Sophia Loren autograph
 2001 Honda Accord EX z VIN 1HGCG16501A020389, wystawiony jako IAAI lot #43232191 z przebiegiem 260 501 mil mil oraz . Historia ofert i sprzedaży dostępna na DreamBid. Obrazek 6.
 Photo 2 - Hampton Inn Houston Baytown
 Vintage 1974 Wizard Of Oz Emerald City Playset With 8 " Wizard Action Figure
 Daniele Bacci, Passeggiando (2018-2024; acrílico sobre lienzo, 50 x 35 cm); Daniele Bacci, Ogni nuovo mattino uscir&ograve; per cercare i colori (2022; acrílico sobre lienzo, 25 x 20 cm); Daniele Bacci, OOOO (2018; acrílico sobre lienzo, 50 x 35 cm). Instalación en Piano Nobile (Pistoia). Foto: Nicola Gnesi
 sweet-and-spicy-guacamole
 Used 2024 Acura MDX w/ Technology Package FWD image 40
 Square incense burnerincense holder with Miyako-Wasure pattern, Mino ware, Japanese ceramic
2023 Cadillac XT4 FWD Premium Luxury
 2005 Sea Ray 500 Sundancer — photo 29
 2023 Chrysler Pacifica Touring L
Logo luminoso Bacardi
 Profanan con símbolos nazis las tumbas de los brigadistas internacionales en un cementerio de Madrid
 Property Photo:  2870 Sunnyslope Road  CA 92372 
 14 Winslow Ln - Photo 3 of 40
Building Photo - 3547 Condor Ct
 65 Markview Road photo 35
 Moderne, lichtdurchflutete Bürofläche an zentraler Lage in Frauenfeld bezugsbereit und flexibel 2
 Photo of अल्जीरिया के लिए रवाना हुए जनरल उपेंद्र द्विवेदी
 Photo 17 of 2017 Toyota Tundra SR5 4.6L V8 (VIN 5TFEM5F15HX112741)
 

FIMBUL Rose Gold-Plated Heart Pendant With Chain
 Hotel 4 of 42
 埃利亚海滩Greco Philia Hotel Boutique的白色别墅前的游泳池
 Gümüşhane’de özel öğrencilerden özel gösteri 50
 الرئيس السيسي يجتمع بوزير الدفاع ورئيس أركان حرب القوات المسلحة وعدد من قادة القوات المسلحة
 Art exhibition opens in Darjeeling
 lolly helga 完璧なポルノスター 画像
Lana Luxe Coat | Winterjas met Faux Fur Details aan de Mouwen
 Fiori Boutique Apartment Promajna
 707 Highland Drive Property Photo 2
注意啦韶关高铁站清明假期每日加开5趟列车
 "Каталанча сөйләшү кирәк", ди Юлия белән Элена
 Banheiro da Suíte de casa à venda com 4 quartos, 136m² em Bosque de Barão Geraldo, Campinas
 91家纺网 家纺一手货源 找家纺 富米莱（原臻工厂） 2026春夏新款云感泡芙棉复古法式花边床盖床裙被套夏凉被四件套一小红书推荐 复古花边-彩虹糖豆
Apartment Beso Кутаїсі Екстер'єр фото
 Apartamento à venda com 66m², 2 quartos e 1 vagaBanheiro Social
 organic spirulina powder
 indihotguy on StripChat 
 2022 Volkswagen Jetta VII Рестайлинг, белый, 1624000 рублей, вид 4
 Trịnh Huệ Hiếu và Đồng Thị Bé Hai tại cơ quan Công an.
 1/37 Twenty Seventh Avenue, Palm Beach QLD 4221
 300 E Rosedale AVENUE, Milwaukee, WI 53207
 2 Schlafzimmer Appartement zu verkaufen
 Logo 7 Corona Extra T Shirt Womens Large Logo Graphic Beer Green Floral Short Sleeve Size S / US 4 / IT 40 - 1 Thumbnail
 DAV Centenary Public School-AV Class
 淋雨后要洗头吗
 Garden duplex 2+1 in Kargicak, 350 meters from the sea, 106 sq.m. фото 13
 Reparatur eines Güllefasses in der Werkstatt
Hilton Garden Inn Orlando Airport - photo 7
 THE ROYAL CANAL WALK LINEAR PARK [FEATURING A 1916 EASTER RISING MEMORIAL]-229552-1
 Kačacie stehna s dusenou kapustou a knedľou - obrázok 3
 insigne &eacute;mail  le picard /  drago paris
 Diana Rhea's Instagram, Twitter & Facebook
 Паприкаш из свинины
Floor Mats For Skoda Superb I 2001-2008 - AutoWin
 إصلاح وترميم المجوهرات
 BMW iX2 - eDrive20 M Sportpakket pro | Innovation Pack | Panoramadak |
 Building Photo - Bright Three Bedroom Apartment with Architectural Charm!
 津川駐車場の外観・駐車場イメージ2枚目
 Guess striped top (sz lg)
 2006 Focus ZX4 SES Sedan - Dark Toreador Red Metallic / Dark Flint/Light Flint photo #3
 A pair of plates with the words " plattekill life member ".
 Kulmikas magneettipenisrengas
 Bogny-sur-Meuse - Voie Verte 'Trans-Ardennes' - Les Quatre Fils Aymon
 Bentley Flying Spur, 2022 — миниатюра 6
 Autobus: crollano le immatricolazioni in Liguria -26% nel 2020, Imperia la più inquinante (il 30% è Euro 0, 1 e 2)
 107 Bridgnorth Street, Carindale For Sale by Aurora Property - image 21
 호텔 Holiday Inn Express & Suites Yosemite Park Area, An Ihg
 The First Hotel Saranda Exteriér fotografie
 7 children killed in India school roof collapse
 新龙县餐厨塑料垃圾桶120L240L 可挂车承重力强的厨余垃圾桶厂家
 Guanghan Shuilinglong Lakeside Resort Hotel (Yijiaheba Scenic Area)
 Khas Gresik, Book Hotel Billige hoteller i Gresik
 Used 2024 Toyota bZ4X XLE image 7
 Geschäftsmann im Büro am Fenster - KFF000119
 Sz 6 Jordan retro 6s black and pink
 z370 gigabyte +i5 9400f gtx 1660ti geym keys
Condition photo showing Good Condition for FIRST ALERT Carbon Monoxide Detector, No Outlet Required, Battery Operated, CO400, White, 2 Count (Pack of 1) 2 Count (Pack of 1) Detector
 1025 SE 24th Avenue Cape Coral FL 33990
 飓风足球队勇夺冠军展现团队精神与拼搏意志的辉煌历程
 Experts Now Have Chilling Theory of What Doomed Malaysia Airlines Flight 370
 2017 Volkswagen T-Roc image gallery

[TASK INSTRUCTIONS]
Supply the count of lines in the entries that include "Apartment", and no other text.

[WRITTEN ANSWER]
3